• Task brief: Pictures in the records below must be left out. Return exactly the lines from the line with "1 MYRTLE Place, BRIGHTWATER, Mountain" to the line with "Placa eletrónica azul", both included.

• Given information:
········
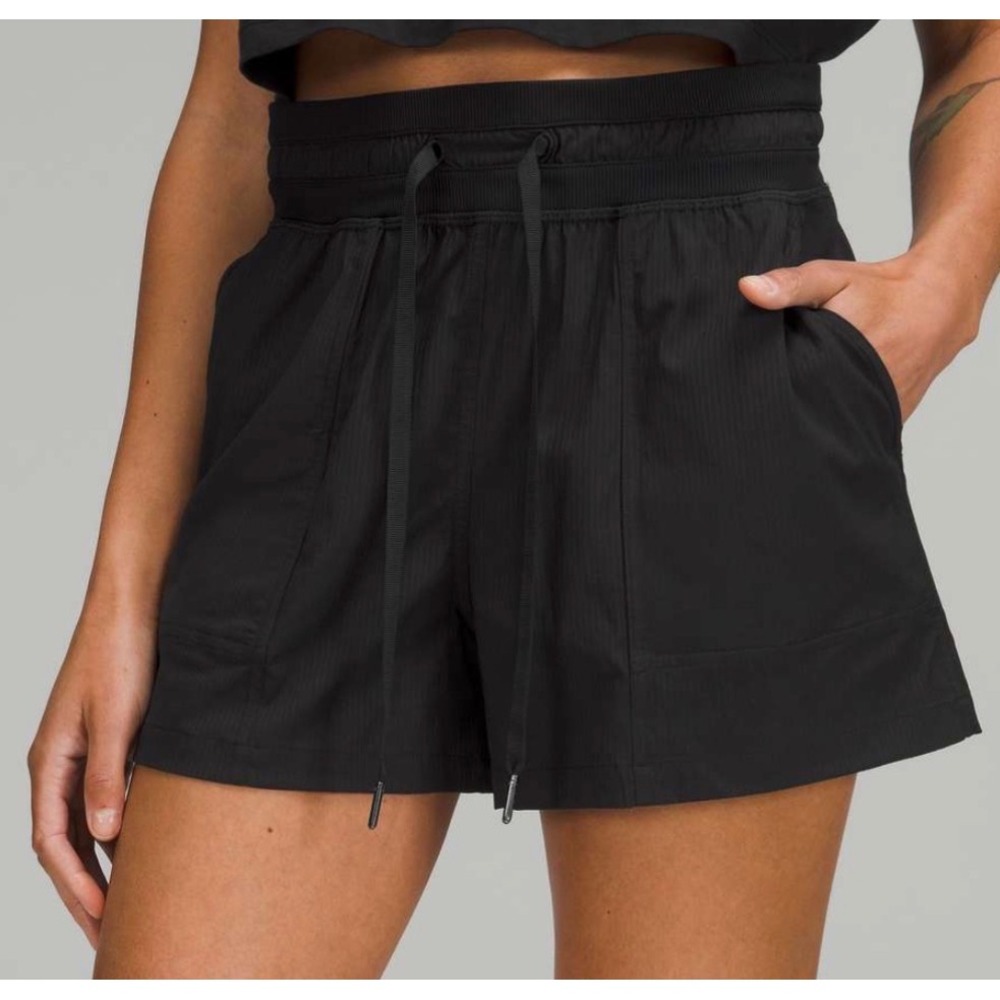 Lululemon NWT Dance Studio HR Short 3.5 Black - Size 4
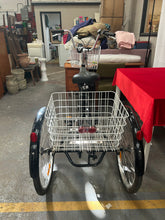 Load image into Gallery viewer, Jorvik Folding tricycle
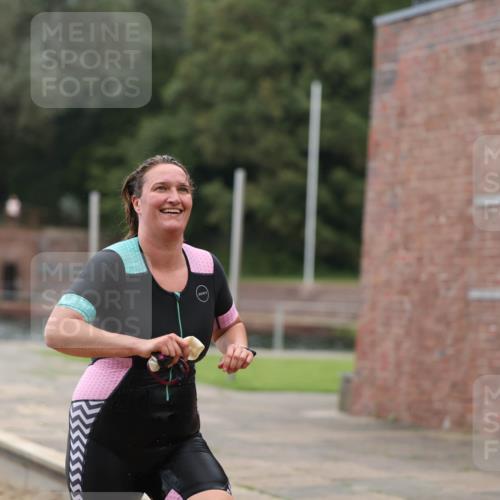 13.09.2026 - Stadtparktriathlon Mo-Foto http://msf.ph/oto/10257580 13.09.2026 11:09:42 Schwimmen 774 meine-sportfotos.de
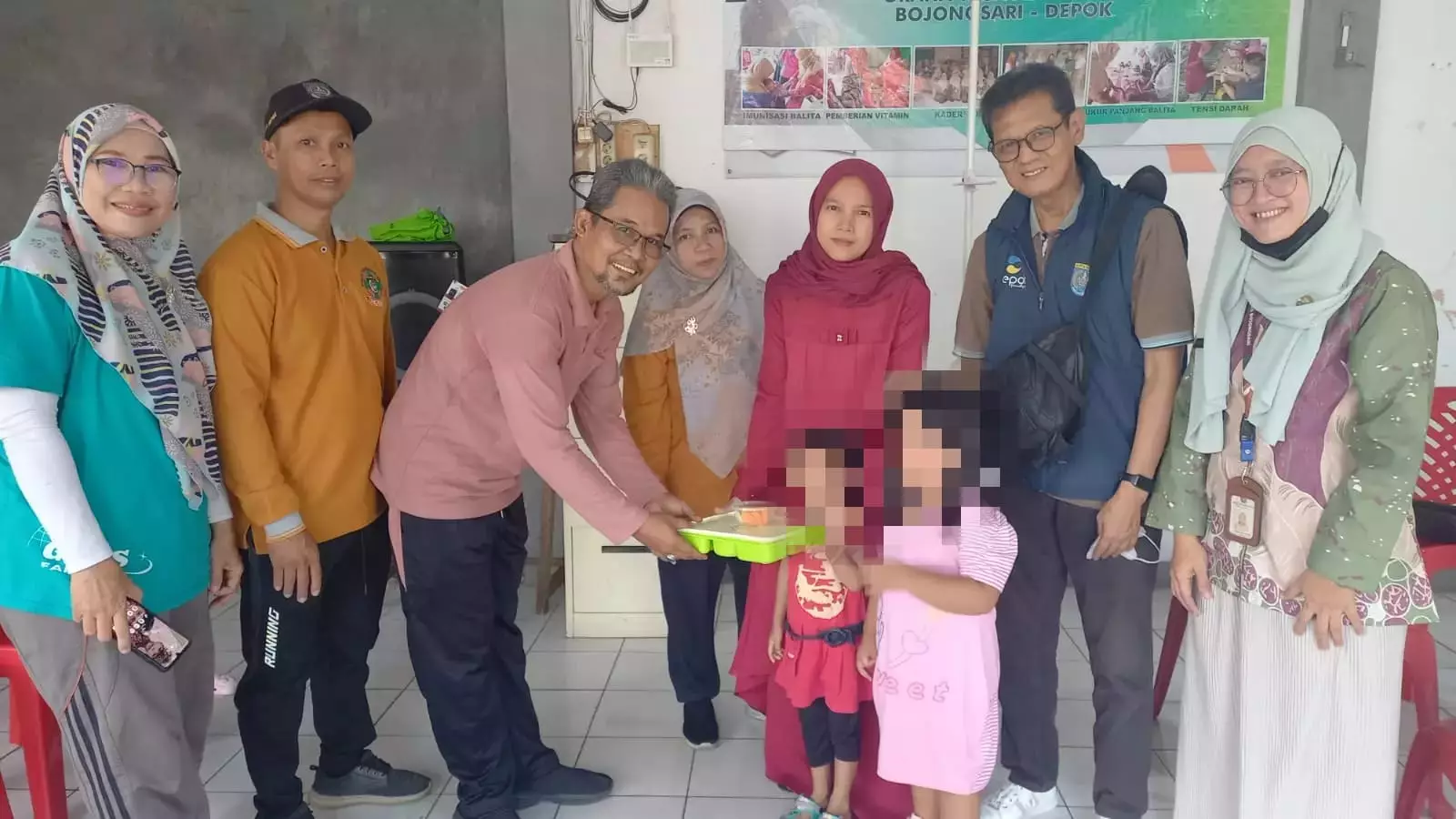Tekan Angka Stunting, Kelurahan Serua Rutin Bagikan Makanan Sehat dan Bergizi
········
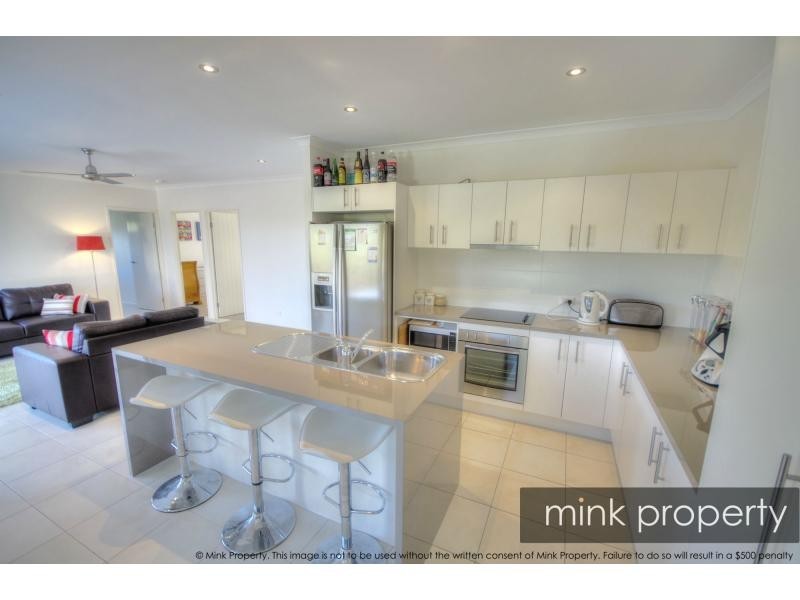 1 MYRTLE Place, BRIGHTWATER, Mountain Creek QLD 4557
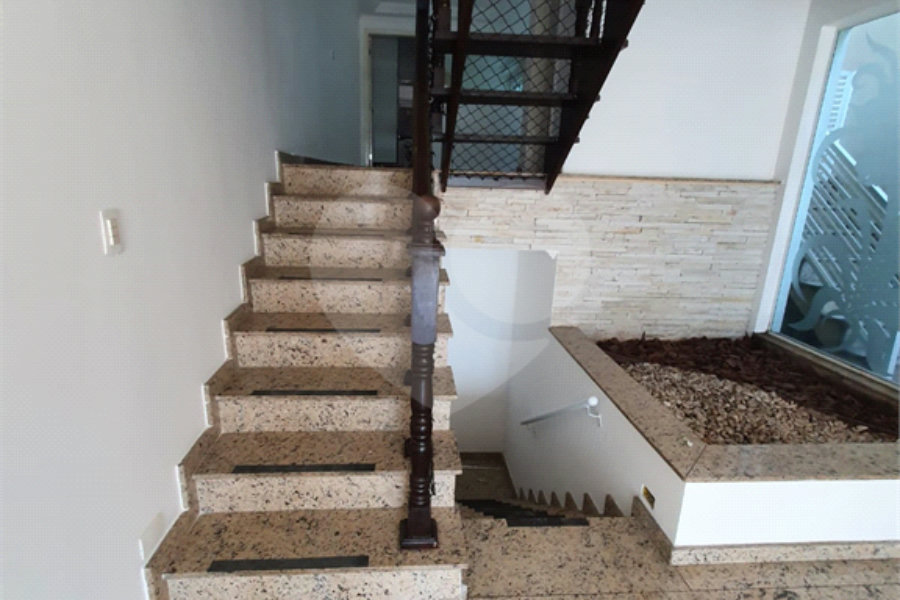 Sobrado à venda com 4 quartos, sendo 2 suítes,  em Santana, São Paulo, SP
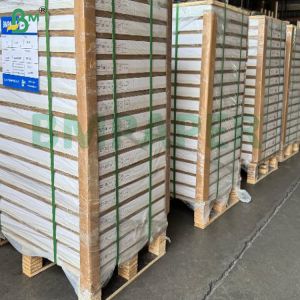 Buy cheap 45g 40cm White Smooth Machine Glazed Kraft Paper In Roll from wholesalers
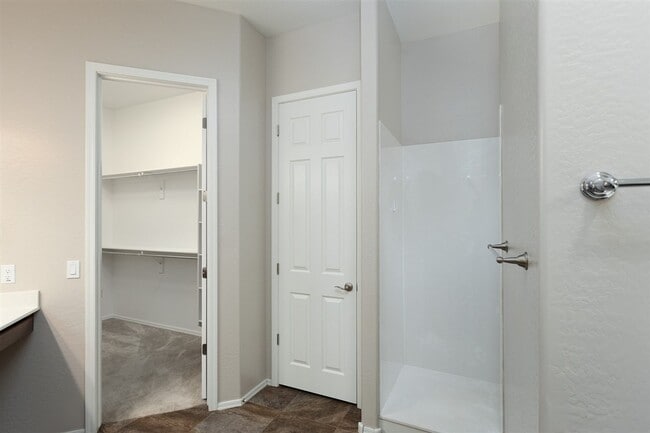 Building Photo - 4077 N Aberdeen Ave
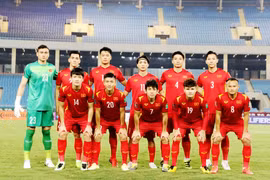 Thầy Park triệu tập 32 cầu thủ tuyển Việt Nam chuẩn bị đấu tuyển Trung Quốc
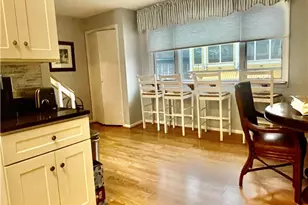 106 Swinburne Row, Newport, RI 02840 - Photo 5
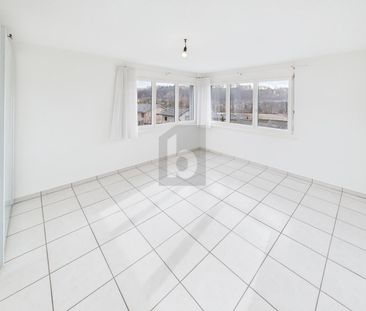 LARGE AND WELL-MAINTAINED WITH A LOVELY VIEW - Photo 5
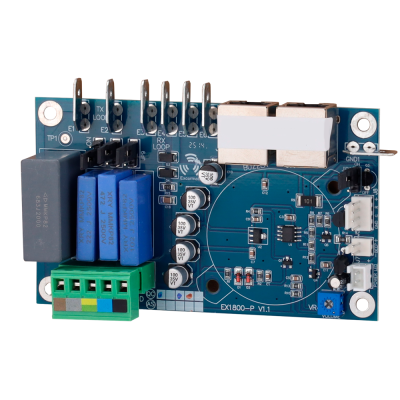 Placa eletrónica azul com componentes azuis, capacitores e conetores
········
• Answer area:
 1 MYRTLE Place, BRIGHTWATER, Mountain Creek QLD 4557
 Sobrado à venda com 4 quartos, sendo 2 suítes,  em Santana, São Paulo, SP
 Buy cheap 45g 40cm White Smooth Machine Glazed Kraft Paper In Roll from wholesalers
 Building Photo - 4077 N Aberdeen Ave
 Thầy Park triệu tập 32 cầu thủ tuyển Việt Nam chuẩn bị đấu tuyển Trung Quốc
 106 Swinburne Row, Newport, RI 02840 - Photo 5
 LARGE AND WELL-MAINTAINED WITH A LOVELY VIEW - Photo 5
 Placa eletrónica azul com componentes azuis, capacitores e conetores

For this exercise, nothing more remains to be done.